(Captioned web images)
__________

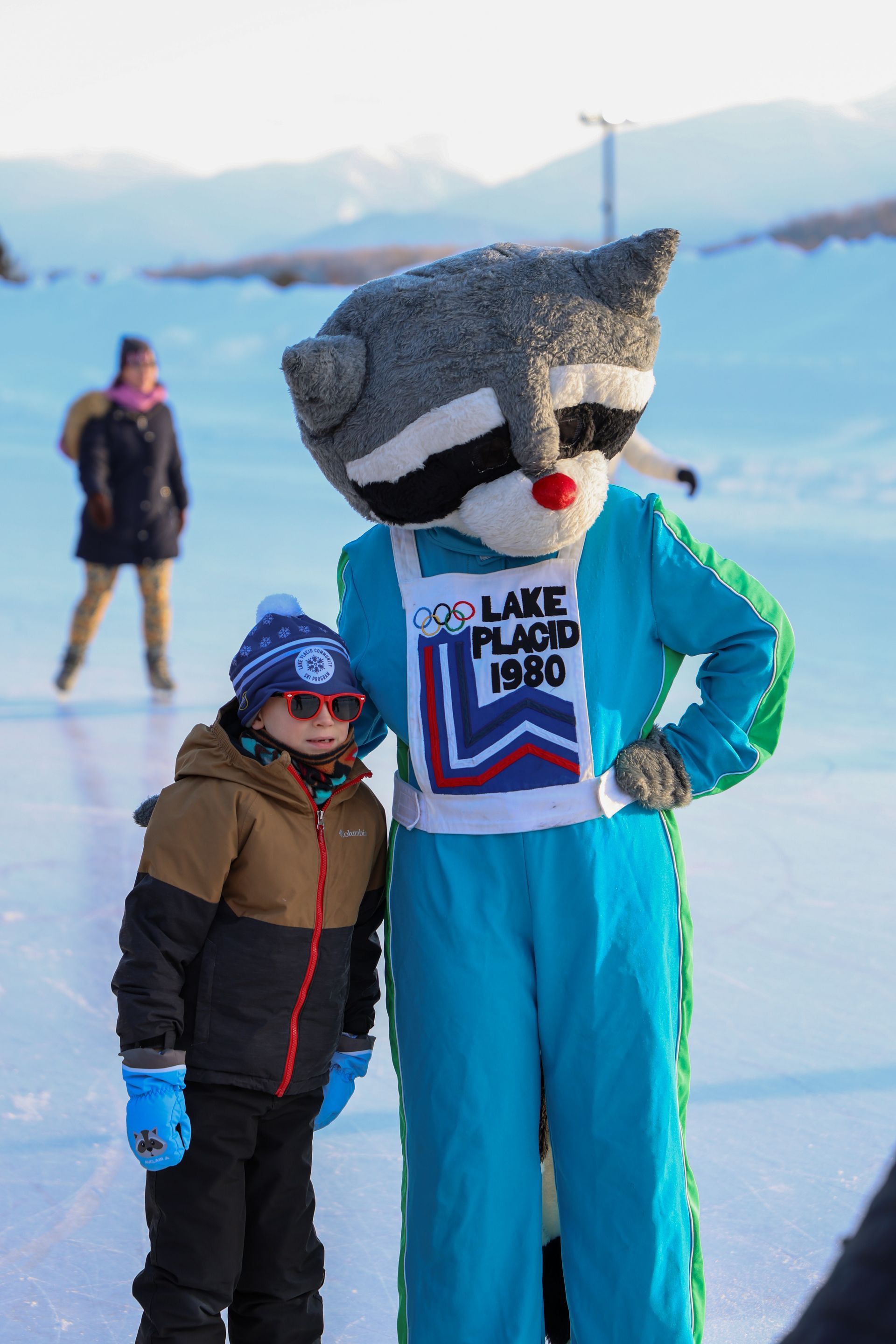 A child and the mascot of the 1980 Lake Placid Olympics, a raccoon in a blue jumpsuit, stand on ice.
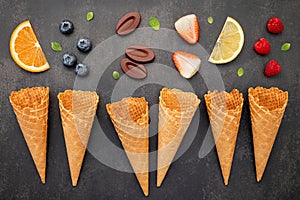 Flat lay ice cream cones collection on dark stone background . Blank crispy ice cream cone with copy space for sweets menu design
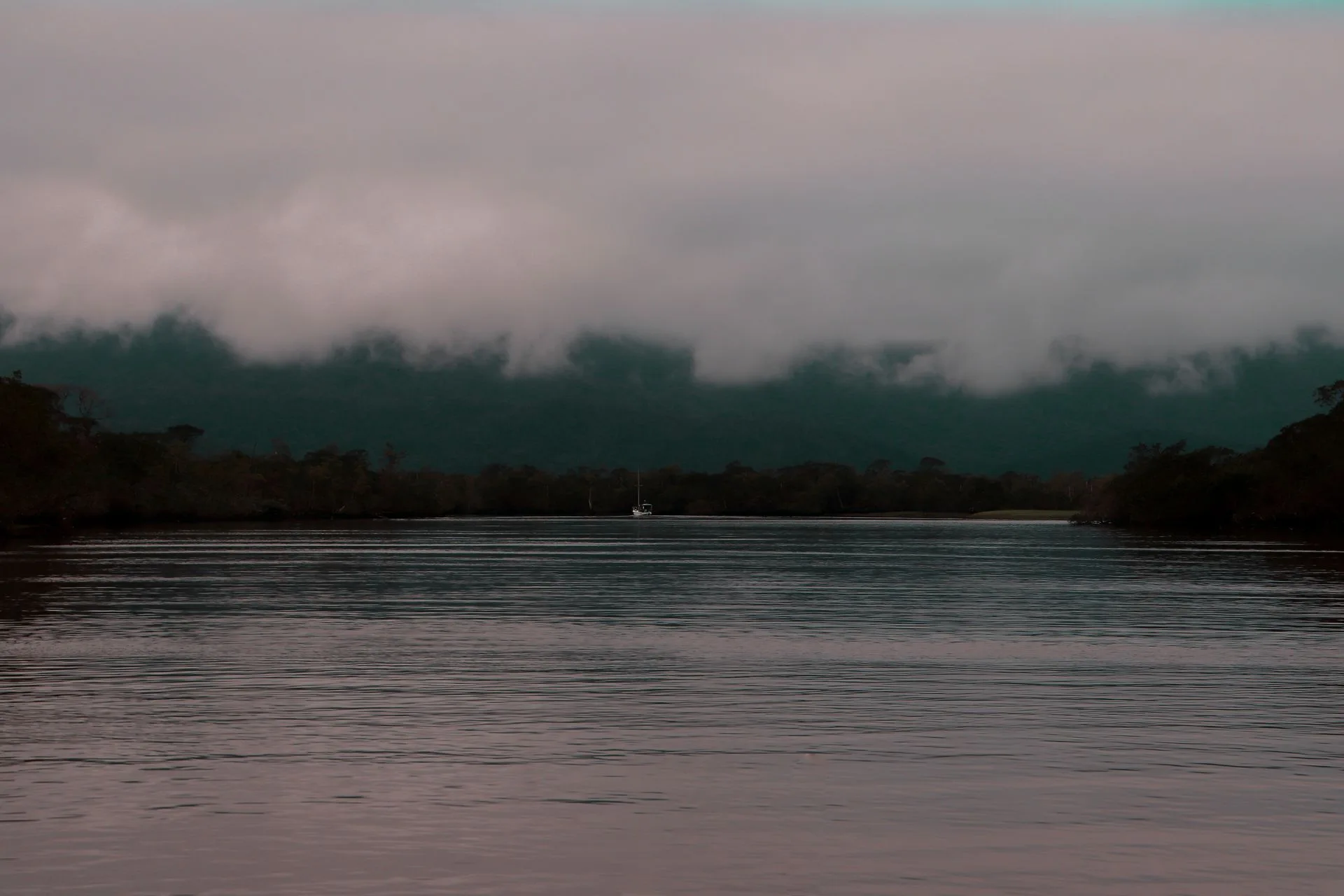 Sunset over Canaima Lagoon with waterfalls and tepui mountains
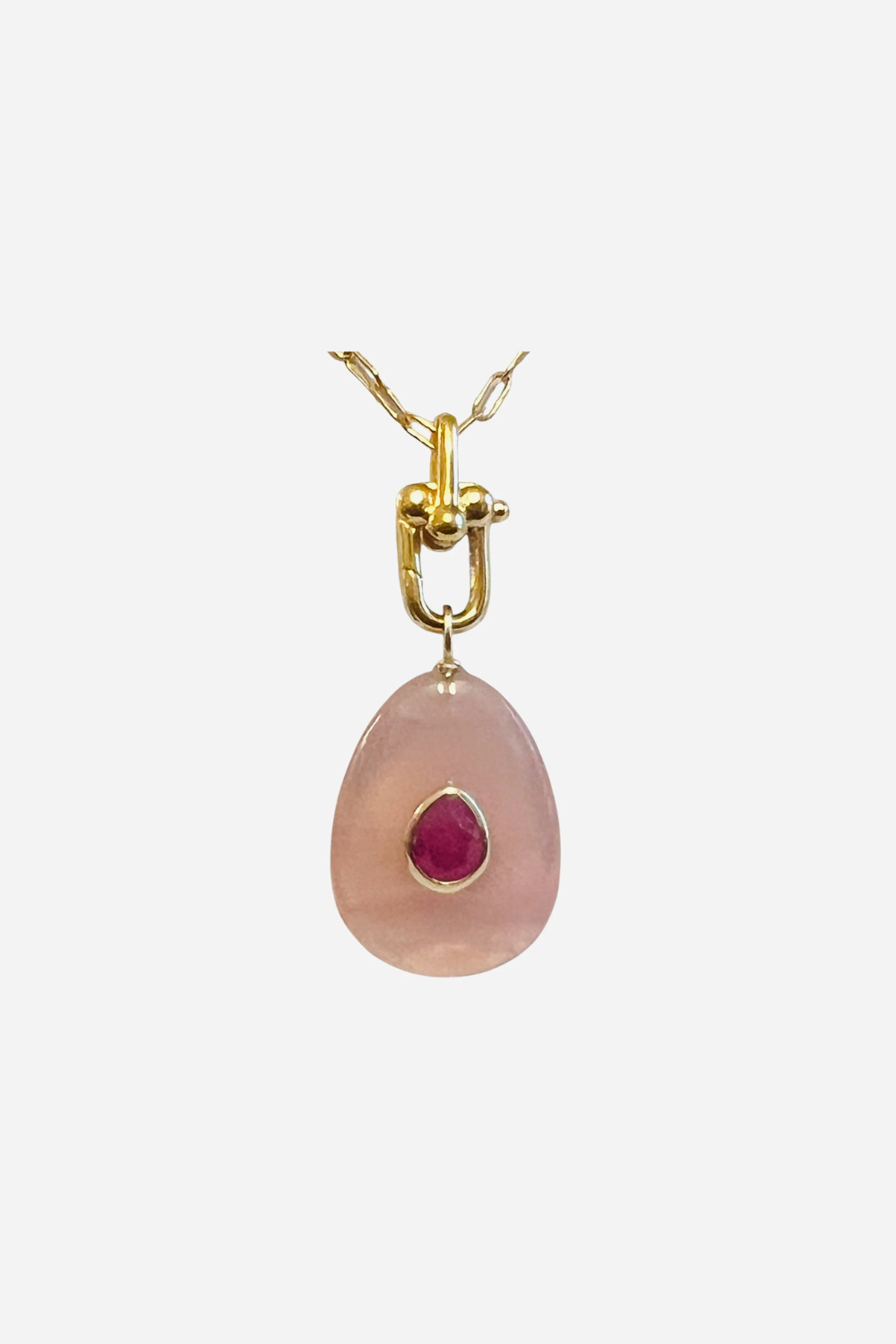 A gold pendant necklace featuring a teardrop-shaped light pink stone with a small, round, deep pink gemstone set in the center, suspended from a delicate gold chain against a plain light gray background.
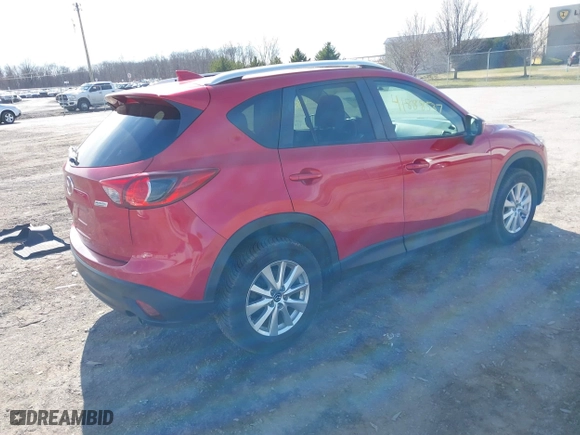 2016 Mazda CX-5 Touring with VIN JM3KE4CY5G0816285, listed as a IAAI auction lot 41888537 with 101,598 mi miles. Bid and sale history available at carsss.com. Image 4.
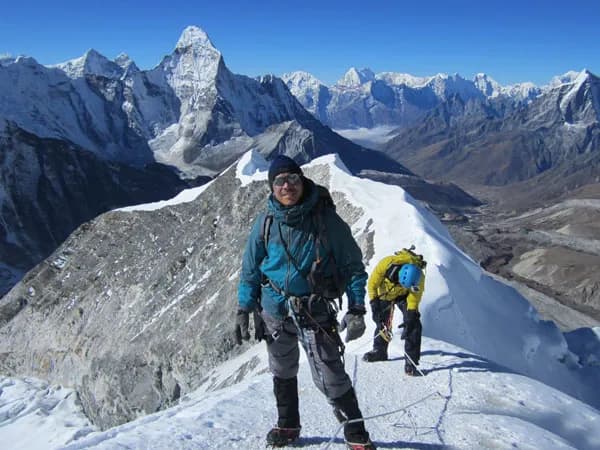 A climber standing on a sharp snow ridge with Ama Dablam's iconic summit rising prominently in the background under a blue sky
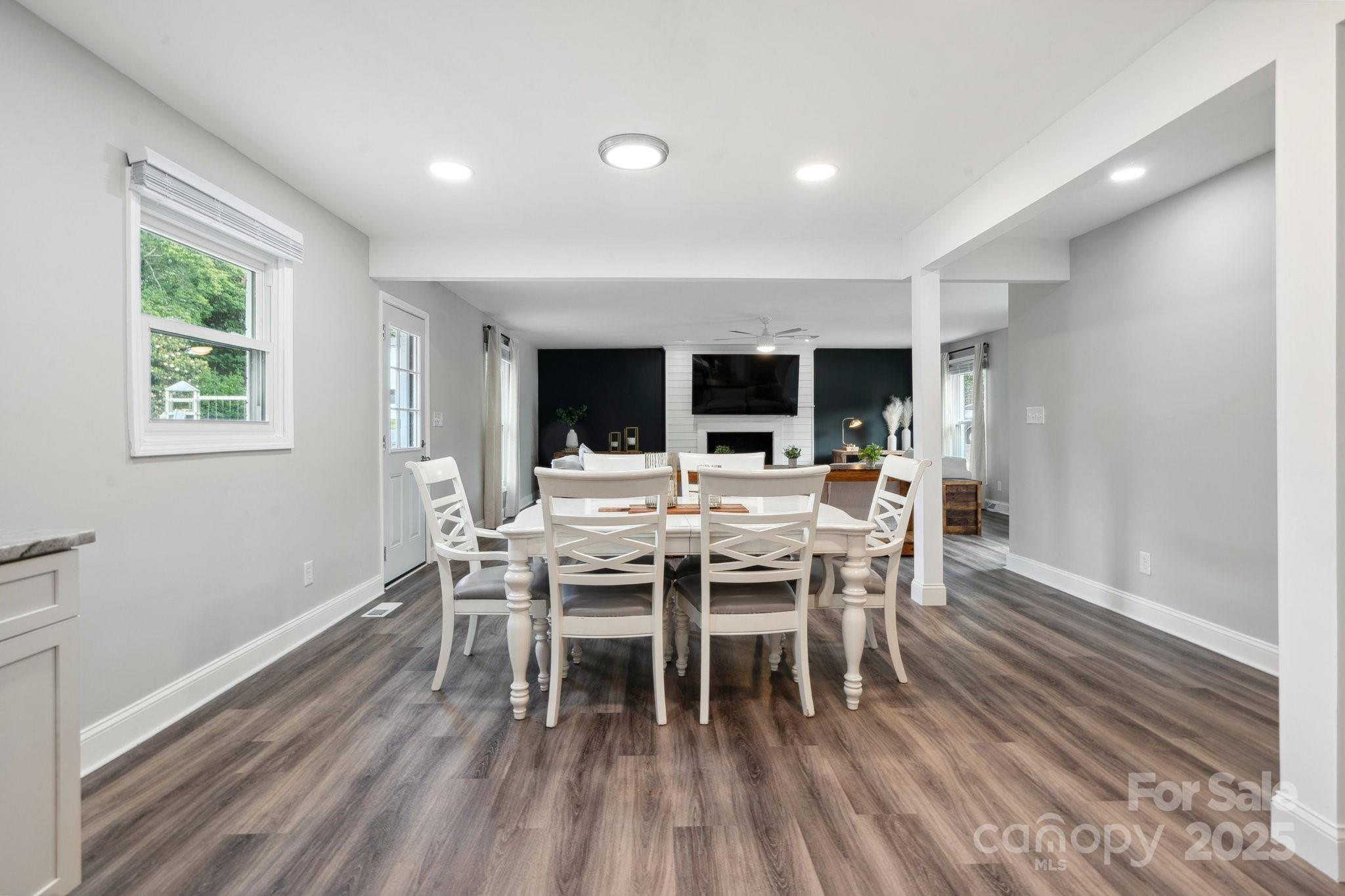 554 Isle Of Pines Road Mooresville, NC 28117 - Photo 16 of 44 a dining room with furniture and window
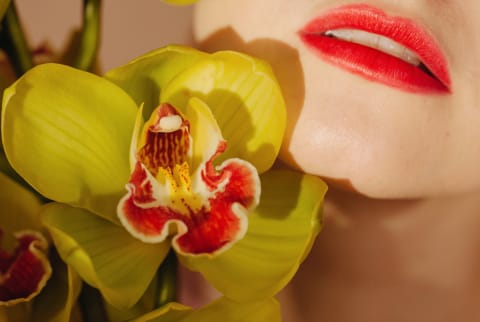 Woman red lips and orchid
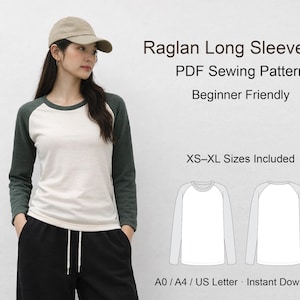 May include: A woman wearing a beige baseball cap and a raglan long sleeve tee with a white body and dark green sleeves. The text on the image reads "Raglan Long Sleeve Tee PDF Sewing Pattern Beginner Friendly XS-XL Sizes Included".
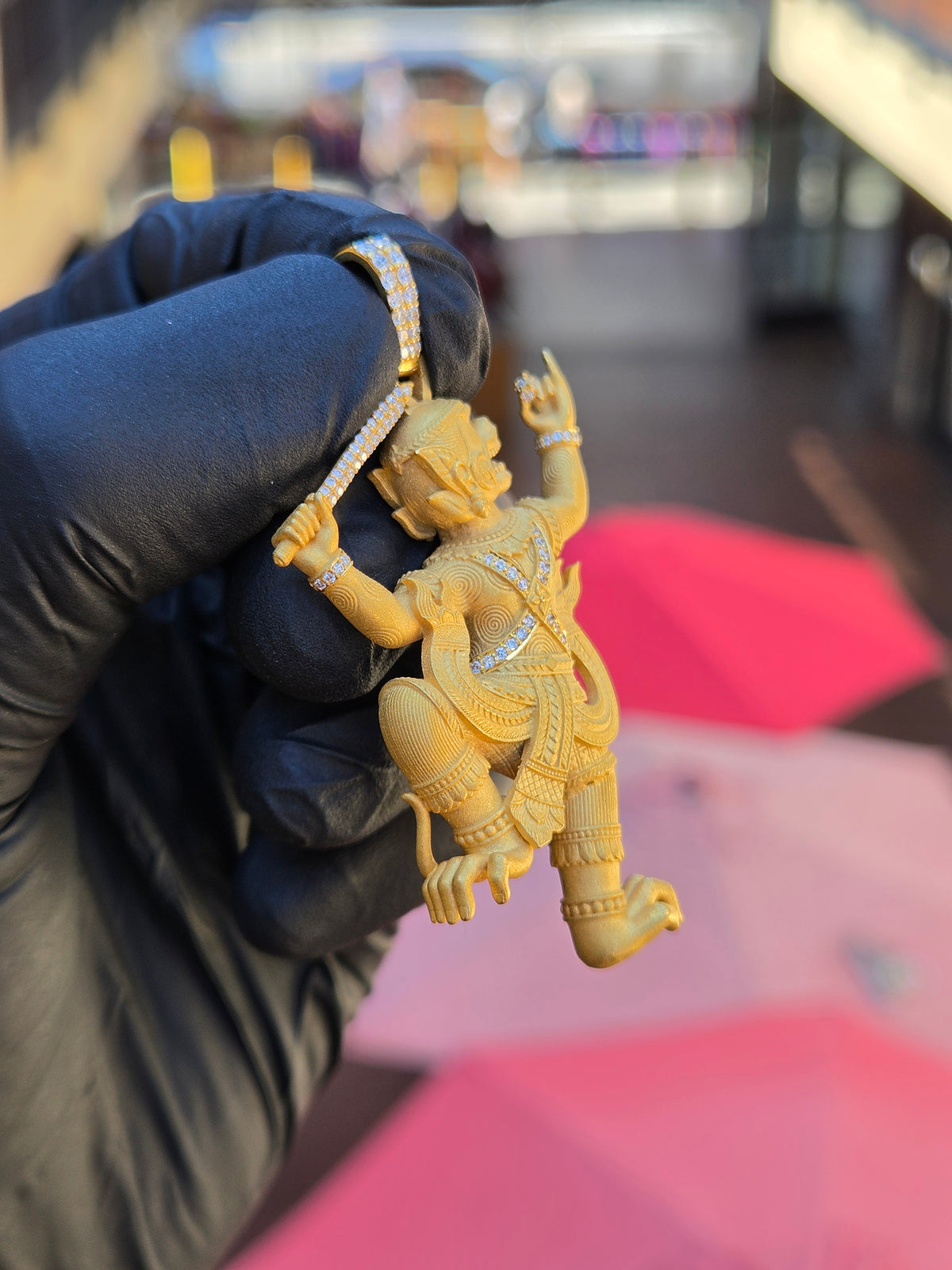 Angled view of the Thai Hanuman pendant showing it is carved fully in the round, with the trailing foot and scarf ends free in the air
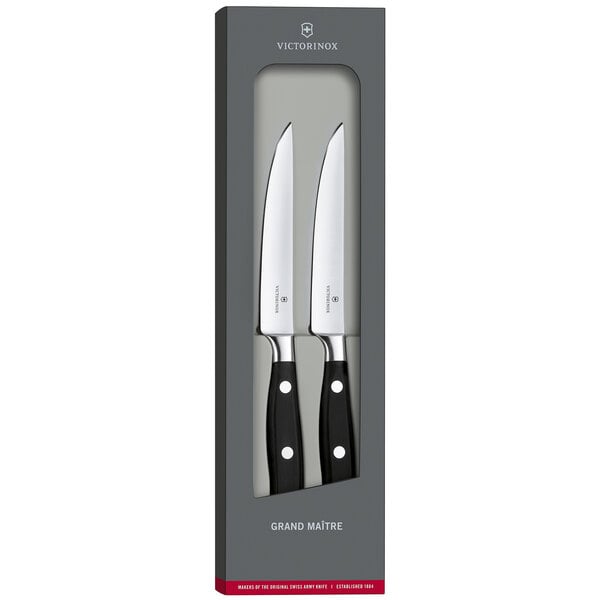 Two Victorinox Grand Maitre steak knives in a box.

__________

WHAT IS BEING ASKED: Quote the lines above exactly, starting with the one that has "A gold pendant" and ending with the one that has "2016 Mazda CX-5"; drop the pictures and include nothing else.

ANSWER AREA:
 A gold pendant necklace featuring a teardrop-shaped light pink stone with a small, round, deep pink gemstone set in the center, suspended from a delicate gold chain against a plain light gray background.
 2016 Mazda CX-5 Touring with VIN JM3KE4CY5G0816285, listed as a IAAI auction lot 41888537 with 101,598 mi miles. Bid and sale history available at carsss.com. Image 4.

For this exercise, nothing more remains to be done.